→ **EXERCISE INSTRUCTIONS**:
Would you return, word for word, the lines running from the one with "this 500×333 image." to the final line of the listing below, pictures omitted?

== Segment start ==

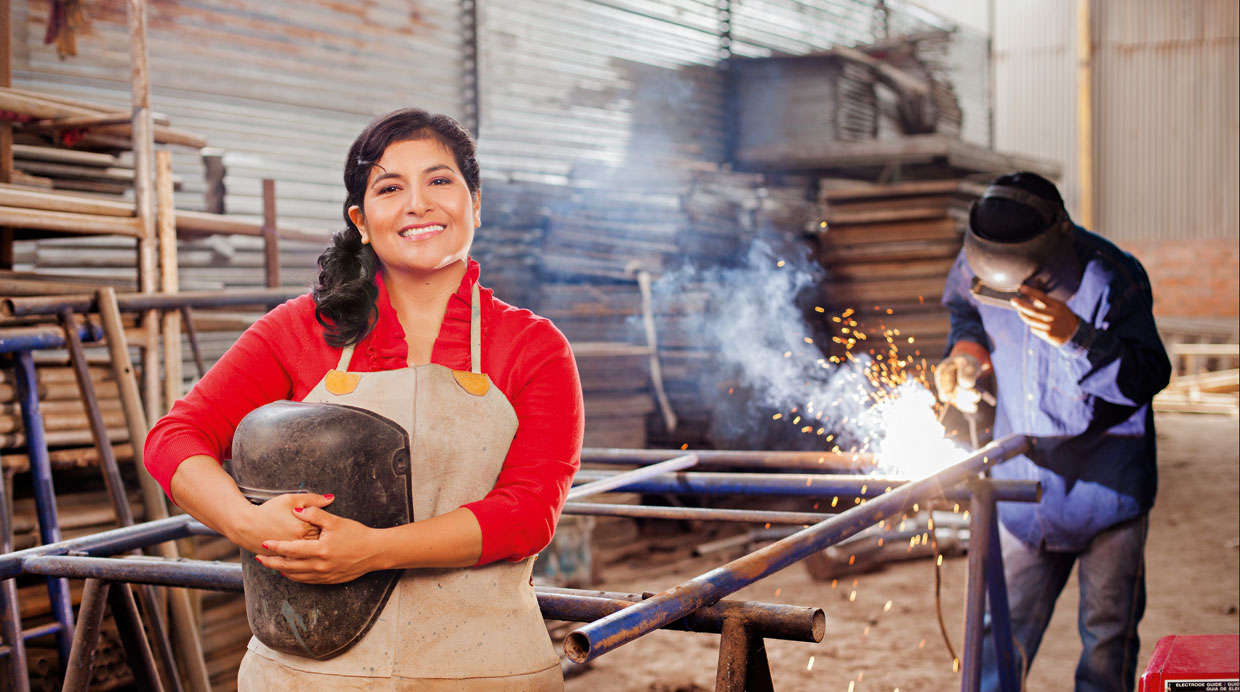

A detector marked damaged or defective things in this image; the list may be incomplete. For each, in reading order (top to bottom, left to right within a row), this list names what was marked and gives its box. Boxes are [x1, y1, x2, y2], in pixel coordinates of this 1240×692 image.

rusty metal tube [567, 436, 1031, 664]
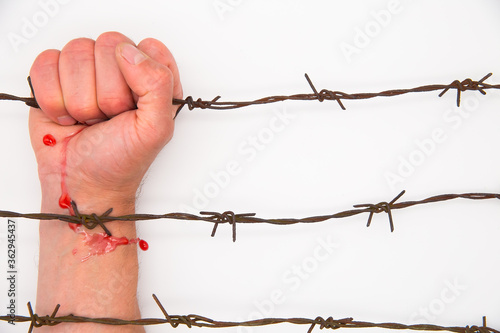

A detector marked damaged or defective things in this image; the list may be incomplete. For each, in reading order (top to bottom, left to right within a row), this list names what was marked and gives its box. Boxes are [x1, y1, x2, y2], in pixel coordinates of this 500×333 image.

rusty barbed wire [0, 72, 500, 116]
rusty barbed wire [0, 189, 500, 241]
rusty barbed wire [0, 294, 496, 332]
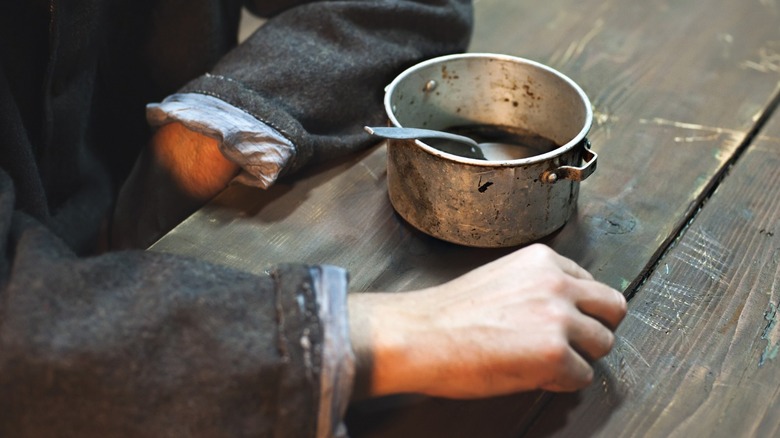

== Segment end ==

→ **YOUR SOLUTION**:
A detector marked damaged or defective things in this image; the list may be incomplete. For each, in reading order (top to bottom, left to right within a row), this list names what was marked and gives its box. Boxes are [x1, y1, x2, y2], in pixel coordinates of this 500×333 image.

rusty barbed wire [0, 72, 500, 116]
rusty barbed wire [0, 189, 500, 241]
rusty barbed wire [0, 294, 496, 332]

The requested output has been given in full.